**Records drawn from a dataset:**
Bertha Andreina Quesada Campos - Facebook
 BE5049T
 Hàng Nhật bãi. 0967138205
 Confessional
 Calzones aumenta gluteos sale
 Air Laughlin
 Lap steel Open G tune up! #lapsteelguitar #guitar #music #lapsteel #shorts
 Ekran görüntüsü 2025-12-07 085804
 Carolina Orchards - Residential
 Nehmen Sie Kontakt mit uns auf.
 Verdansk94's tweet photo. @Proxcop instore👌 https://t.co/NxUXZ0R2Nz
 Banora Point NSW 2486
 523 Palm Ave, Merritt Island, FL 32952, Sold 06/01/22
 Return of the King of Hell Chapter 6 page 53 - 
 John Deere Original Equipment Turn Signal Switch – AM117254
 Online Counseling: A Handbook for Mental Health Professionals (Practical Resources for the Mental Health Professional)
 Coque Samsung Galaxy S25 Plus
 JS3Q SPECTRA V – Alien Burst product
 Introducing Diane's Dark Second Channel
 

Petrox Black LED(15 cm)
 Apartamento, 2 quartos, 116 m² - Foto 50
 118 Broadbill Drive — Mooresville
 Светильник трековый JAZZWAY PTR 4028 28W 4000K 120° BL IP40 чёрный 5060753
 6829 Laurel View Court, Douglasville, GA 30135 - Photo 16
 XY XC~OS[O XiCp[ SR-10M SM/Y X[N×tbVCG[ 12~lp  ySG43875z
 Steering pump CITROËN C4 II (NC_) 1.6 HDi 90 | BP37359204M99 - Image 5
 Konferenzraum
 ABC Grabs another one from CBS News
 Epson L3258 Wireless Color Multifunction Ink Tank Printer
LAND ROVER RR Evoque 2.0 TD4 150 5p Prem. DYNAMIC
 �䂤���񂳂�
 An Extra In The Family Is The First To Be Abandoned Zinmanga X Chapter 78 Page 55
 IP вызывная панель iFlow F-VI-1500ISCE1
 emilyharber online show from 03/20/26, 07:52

**Task instructions:** Look through the entries above, find each line containing "Chapter", and copy it.

**Written answer:**
 Return of the King of Hell Chapter 6 page 53 - 
 An Extra In The Family Is The First To Be Abandoned Zinmanga X Chapter 78 Page 55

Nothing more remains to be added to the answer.